Abe: Pressure only option for N. Korea

Prime Minister Shinzo Abe addressed the U.N. General Assembly on Wednesday, calling for strict implementation of U.N. Security Council resolutions against North Korea, which has conducted a series of nuclear tests and missile launches.

“The gravity of this threat is unprecedented,” Abe said at U.N. headquarters in New York. “It is indisputably a matter of urgency.”

The prime minister added, “What is needed ... is not dialogue, but pressure.”

Abe urged U.N. member states to ensure the “strict and full implementation” of the U.N. Security Council resolutions to impose sanctions against North Korea. “Whether or not we can put an end to the provocations by North Korea is dependent upon the solidarity of the international community,” he said.

The North Korean issue took up more than 80 percent of Abe’s 16-minute speech.

“The nonproliferation regime is about to suffer a serious blow from its most confident disrupter ever,” Abe said, criticizing North Korean leader Kim Jong Un, who is the chairman of the Workers’ Party of Korea.

“North Korea’s nuclear weapons either already are, or are on the verge of becoming, hydrogen bombs,” he argued. “Their means of delivery will sooner or later be ICBMs [intercontinental ballistic missiles].”

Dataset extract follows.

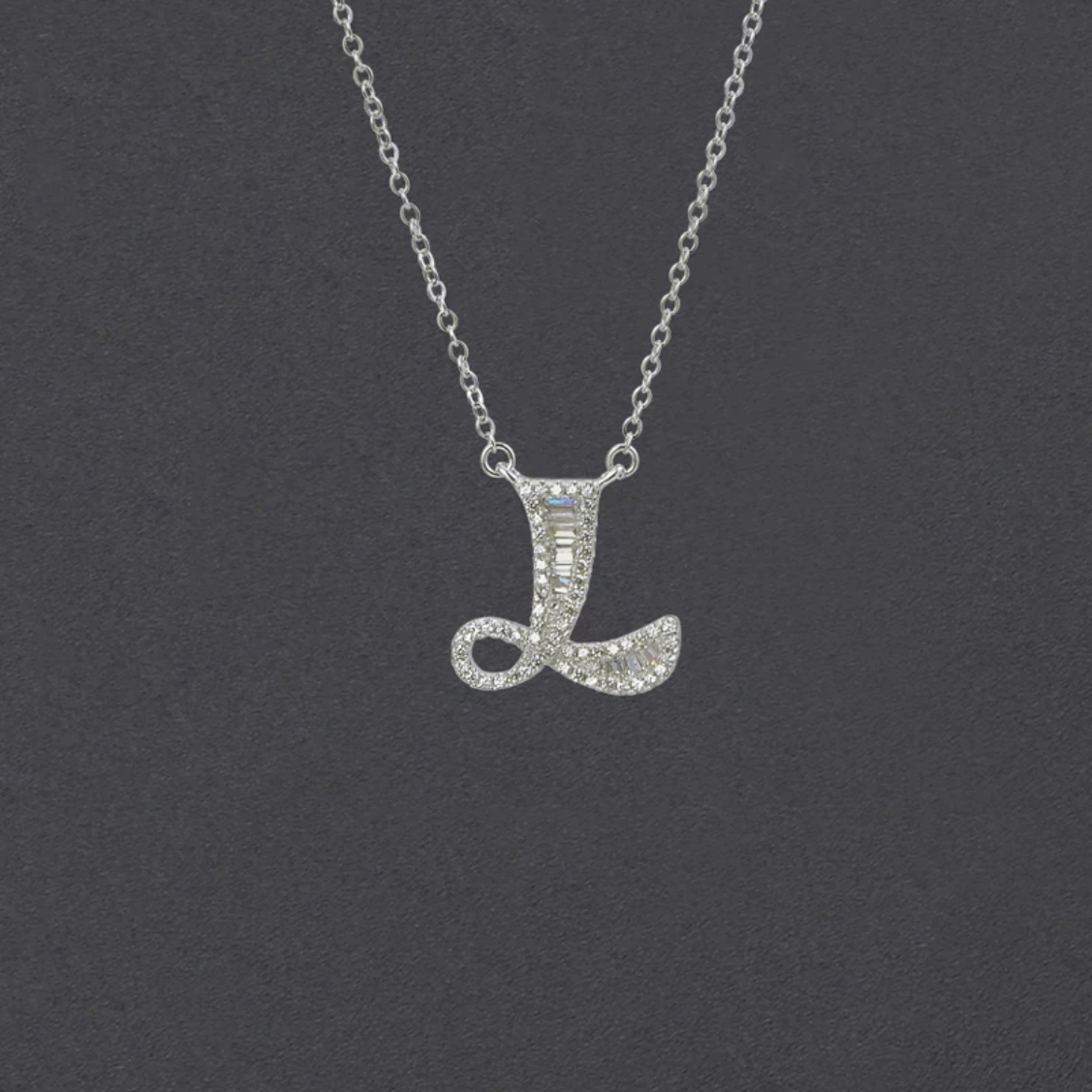 Initial Zircon Necklace-S925 Solid Silver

Abe said attempts to resolve North Korean issues through dialogue “have all come to naught.” These attempts include the 1994 framework agreed on between the United States and North Korea in which light-water reactors and heavy fuel oil are provided to Pyongyang in exchange for it freezing its nuclear development, and the six-party talks in 2005 and 2007 over the North’s nuclear plans.

“For North Korea, dialogue was, instead, the best means of deceiving us and buying time,” Abe said.

The prime minister prodded countries to strictly implement the series of sanctions resolutions from the U.N. Security Council, including one adopted on Sept. 11 that restricts the export of oil to North Korea.